In diesem Artikel soll untersucht werden, inwiefern sich das Internet auf die Demokratie und die Demokratisierung auswirkt. Der Fokus soll dabei auf der zentralen Eigenschaft der Demokratie liegen: Alle Macht geht vom Volk aus. Ein funktionierender demokratischer Staat erfordert erstens, dass sich Bürger*innen zur eigenen Meinungsbildung unabhängig informieren können. Zweitens ist es notwendig, dass sich Bürger*innen frei äußern und austauschen können, um auch in der Gemeinschaft zu einer Meinungsbildung zu kommen.
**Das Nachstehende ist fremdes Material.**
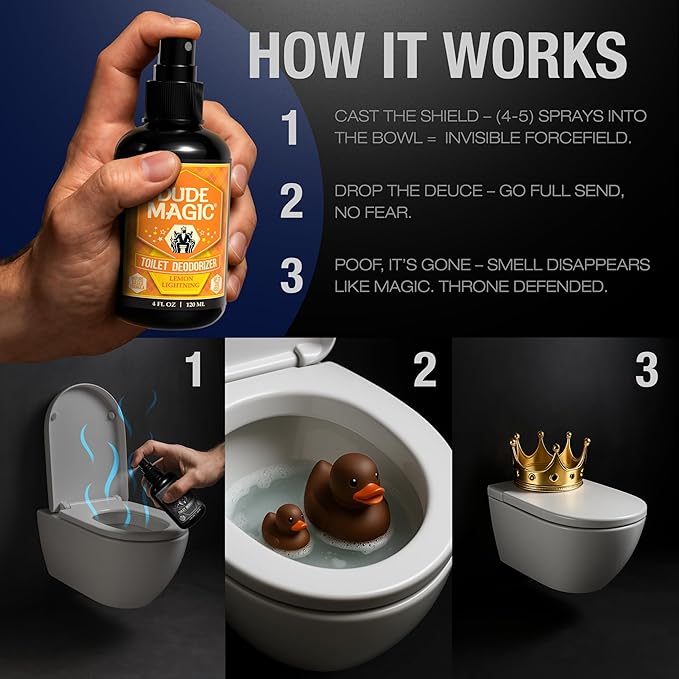 Toilet Deodorizing Spray | Natural Before You Go Toilet Spray | Pre-Poop Bathroom Odor Eliminator with Essential Oils | Travel Size Bathroom Air Freshener | Lemon Lightning 4oz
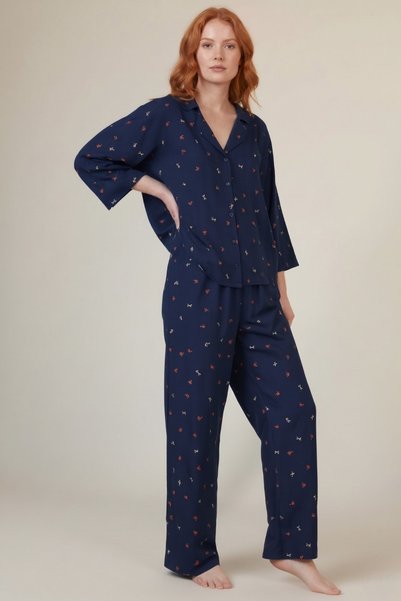 Laperissa Navy Blue Viscose Woven Pajama Set with Ribbon/Bow and Flowers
Drittens sollten Bürger*innen mit ihren bestenfalls fundierten Meinungen Einfluss auf den Staat nehmen können.
- Informierte Bürger*innen
Die Informiertheit der Bürger*innenschaft über gesellschaftliche und politische Begebenheiten und deren Hintergründe ist inhärent für eine funktionierende Demokratie1. Vor der Verbreitung des Internets war der Zugang zu Wissen beschränkt auf redigierte Inhalte, etwa Zeitungen, Bücher oder Radio, oder alternativ den persönlichen Austausch. Das Internet bietet dagegen als erstes Kommunikationsmedium eine Möglichkeit, dass Nutzer*innen nicht nur Konsumierende eines globalen Mediums sind, sondern gleichzeitig auch potenzielle Produzierende von Inhalten. Während nicht jeder oder jede Internetnutzer*in hochgradig gesellschaftlich relevante Informationen verbreitet, bietet das Medium auch den ungefilterten Zugang zu Expert*innen eines jeden Bereiches. In Podcasts, Blogs oder den sozialen Netzwerken verbreiten Wissenschaftler*innen, Whistleblower*innen und Aktivist*innen Einschätzungen und Informationen, ohne sich an die politischen oder formellen Regeln der traditionellen Medien halten zu müssen. Auch Informationen über staatliche Vorgänge und Daten von Behörden, etwa Protokolle oder Register, sind erstmals einer großen Nutzer*innengemeinde verfügbar. Einen wichtigen Beitrag hierbei leisten Informationsfreiheits-2 und Transparenzgesetze (https://transparenzranking.de).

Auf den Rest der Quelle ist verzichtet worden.